-- TASK DATA follows --

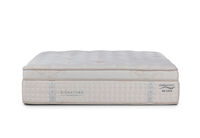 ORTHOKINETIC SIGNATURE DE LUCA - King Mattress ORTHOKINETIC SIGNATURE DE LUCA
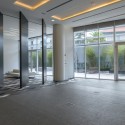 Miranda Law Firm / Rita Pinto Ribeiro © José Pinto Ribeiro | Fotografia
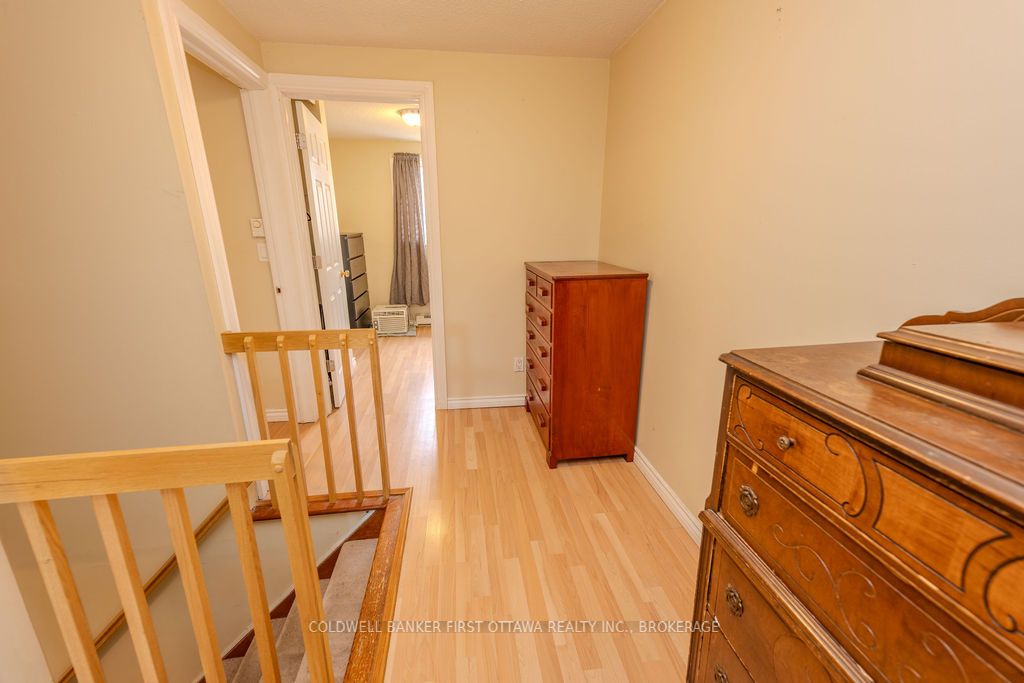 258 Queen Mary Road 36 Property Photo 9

-- TASK DATA concluded --
-- TASK DATA follows --

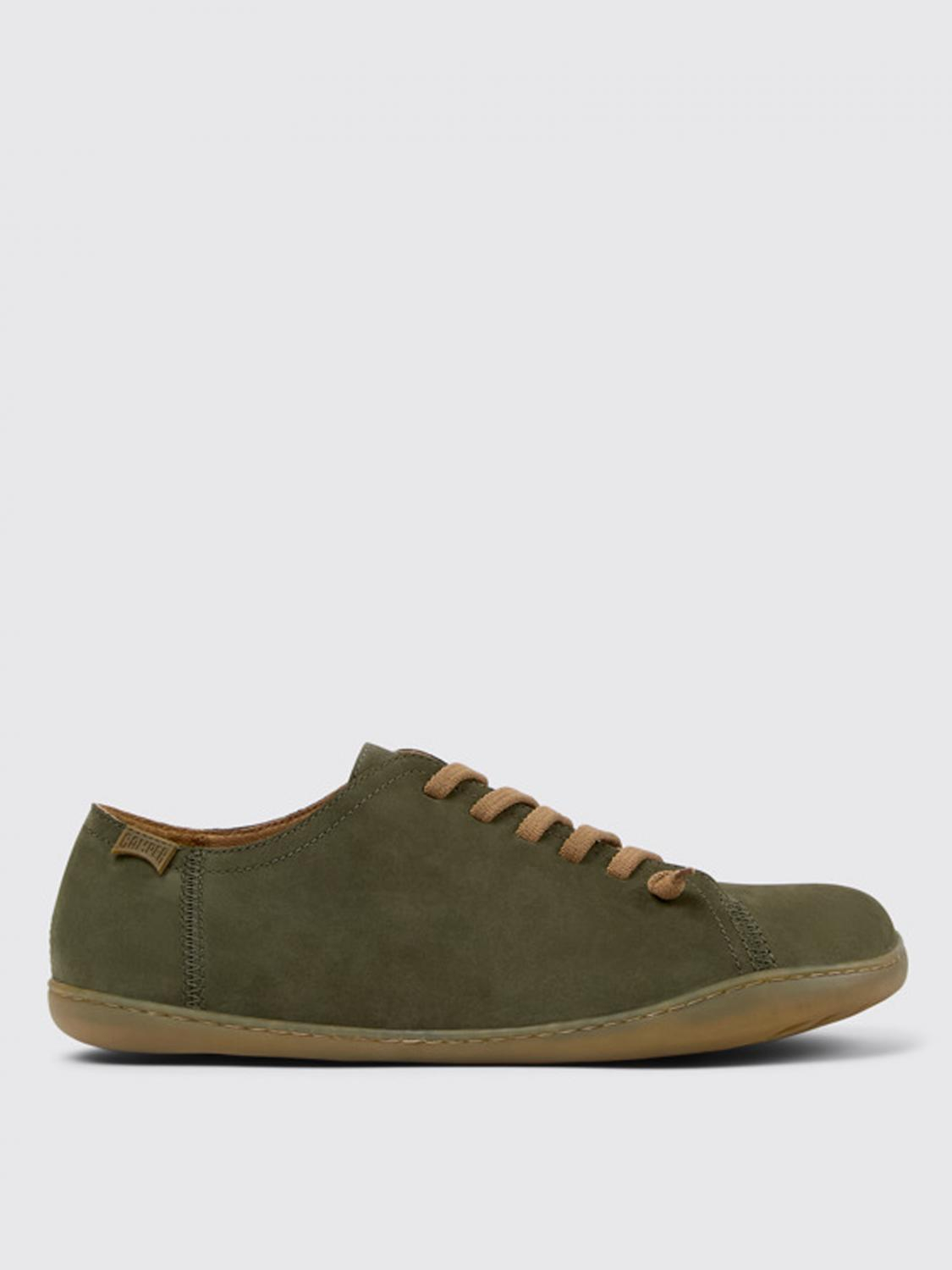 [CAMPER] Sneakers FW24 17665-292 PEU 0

-- TASK DATA concluded --

**ASSIGNED TASK**
Using the data above, set down each line from the line with "ORTHOKINETIC SIGNATURE DE LUCA - King" to the line with "258 Queen Mary Road 36 Property Photo 9" exactly, both ends included, and leave the pictures behind. Nothing else belongs.

**RESPONSE AREA**
 ORTHOKINETIC SIGNATURE DE LUCA - King Mattress ORTHOKINETIC SIGNATURE DE LUCA
 Miranda Law Firm / Rita Pinto Ribeiro © José Pinto Ribeiro | Fotografia
 258 Queen Mary Road 36 Property Photo 9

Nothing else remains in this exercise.